Piece Montée
>> Sunday, May 30, 2010
A piece montée, which means "mounted piece" in French, also commonly known as croquembouche, refers to an assembled structure of cream puffs to form a towering dessert centerpiece. Cream puffs are truly reminiscent of my childhood; my mum made the best and whilst I love eating them, I've never attempted making cream puffs before. Pâte à choux was on my to-bake-before-Paris list, so I was extremely excited when I first learned about May's challenge. The May 2010 Daring Bakers’ challenge was hosted by Cat of Little Miss Cupcake. Cat challenged everyone to make a piece montée, or croquembouche, based on recipes from Peter Kump’s Baking School in Manhattan and Nick Malgieri.
This is somewhat a grand debut to Daring Bakers by my standards; not only do I have to make the pâte, make the crème pâtissière, fill the puffs, but a key part of this challenge involves the assembly of the puffs to form a magnificent structural cone. That's technique, baking, time management and presentation skills all rolled into one! Great practice for the pastry school days to come!

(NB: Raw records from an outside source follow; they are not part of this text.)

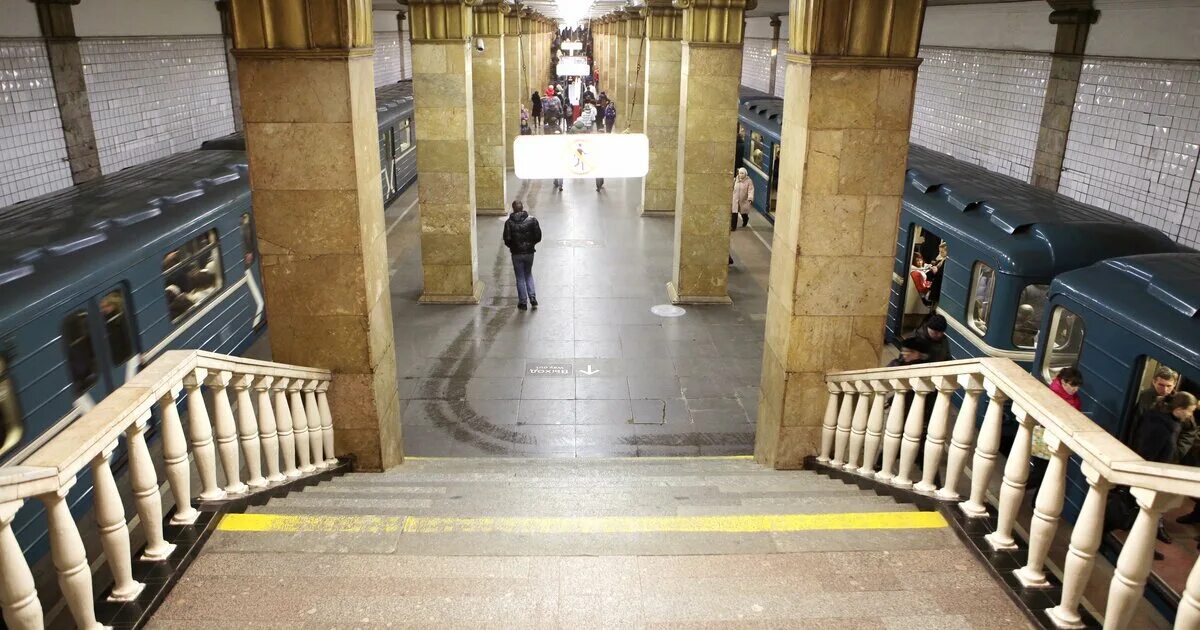 Парк культуры метро фото Центральный участок Сокольнической линии закроют на сутки - Москва 24, 14.07.201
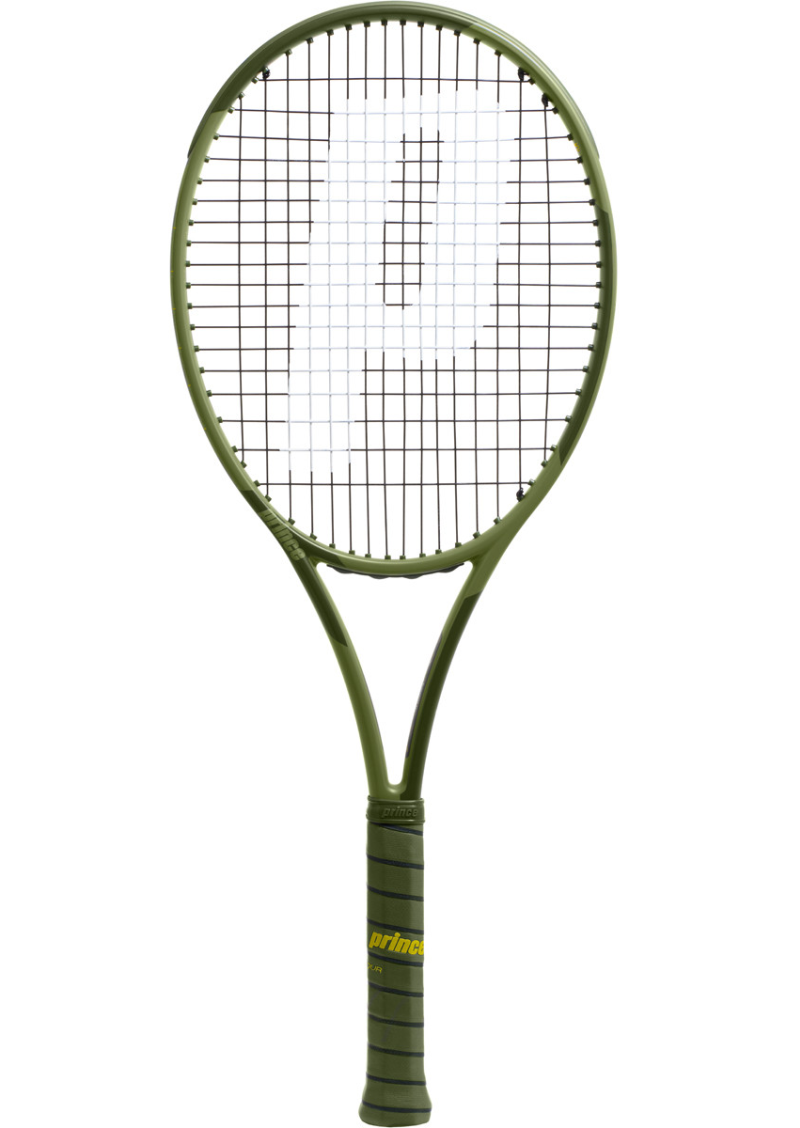 Prince Textreme Phantom 100X 18X20 + string + stringing
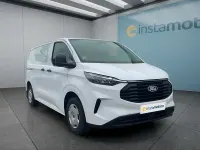 Gebraucht Ford Transit Custom 110 PS (80 kW) 2024 Weiß Limousine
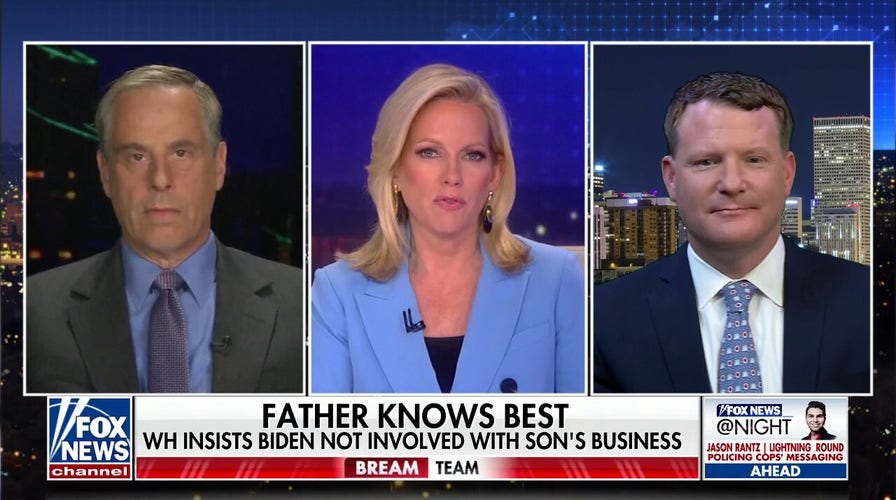 The latest on Hunter's business dealings and Elon Musk's Twitter takeover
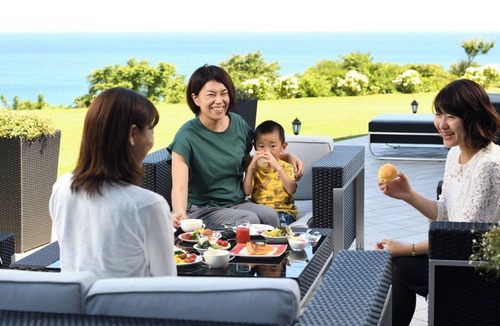 Ajigasawa Hotel | Nonsmoking Semidouble Westernstyle room | Buffet plan Allinclusive/Nishitsugarugun Aomori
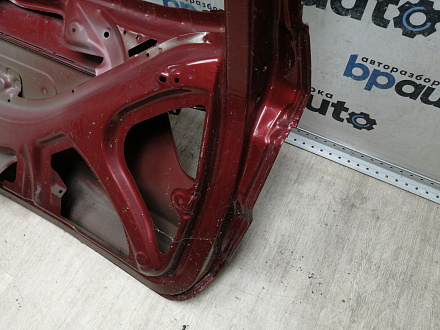 AA045394; Крышка багажника (41007275066) для BMW Х3 F25/БУ; Оригинал; Р2, Удовлетворительное; 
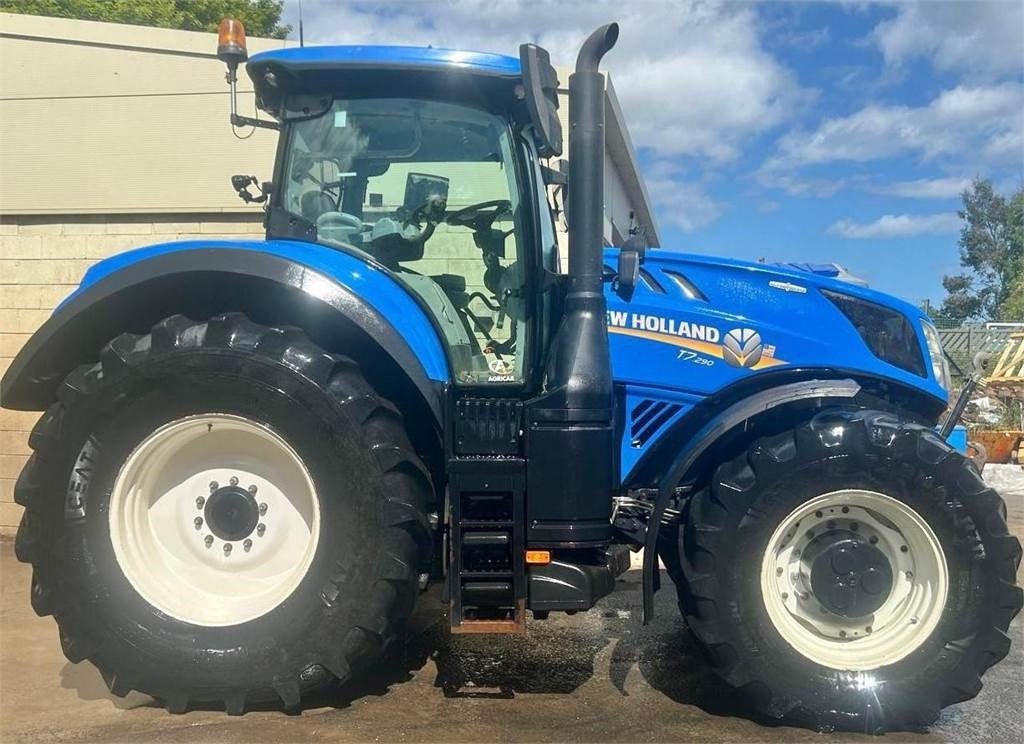 2025 New Holland T7-290 HD – Heavy-Duty Power, Precision Comfort in One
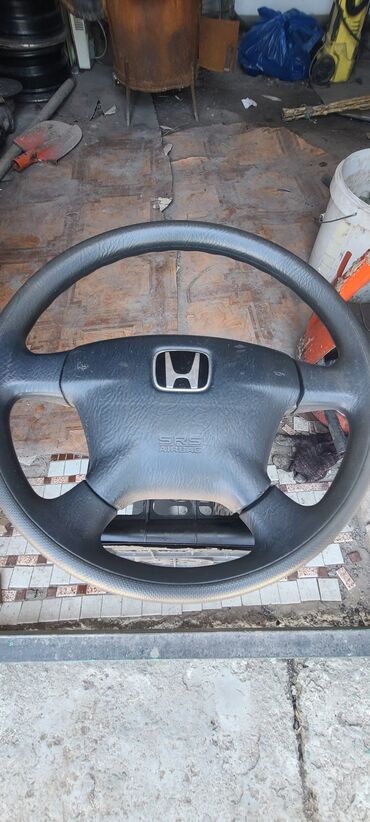 ������������������ �������������������������� ���� �� �������������� в Кыргызстан | АВТОЗАПЧАСТИ: Продаю руль снят с Хонда Степвагон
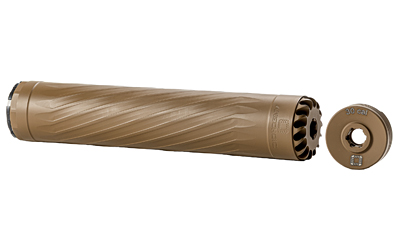ANECHOIC AnechoX 30L .30 Caliber flat dark earth suppressor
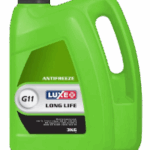 Антифриз Luxe Long Life G-11 зеленый арт. 695 (3 кг.)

They say that third time's always a charm and that was exactly the number of tries I had attempted when it came to the pâte à choux. There's nothing extraordinarily difficult about making the choux pastry but somehow, my lack of focus and poor time management led to the first couple unsatisfactory attempts. I was busy chatting online and cooking the pastry dough at the same time, then lost count on the quantity of eggs I had added to the dough, resulting in a runny batter; the puffs were flat. The second batch had the perfect consistency but I ran out of time since I was already running late for an appointment with my girlfriends and ended up having to turn off the oven, leaving the puffs in there to cook for the rest of the time. When I got home, I was welcomed to the wonderful rich aroma of baked and crispy puffs! I think this is such a humbling lesson for me to never take such a lackadaisical approach, especially when I'm in Paris. Focus, focus, focus!
The assembly of the croquembouche was, surprisingly, uneventful compare to the making of the puffs. My caramel became slightly hardened midway through the tower, but it was an easy fix of simply reheating it (on low). I went to town with the spun sugar, pulling, stretching the webs of cooked sugar over the entire tower.
It was a fun change to not only bake, but put together a dessert centerpiece.
I'm looking forward to assemblying one of this someday but until then, I think I'll be happy making just enough puffs for two, then digging into the individual cream puffs as-is, sans the tower.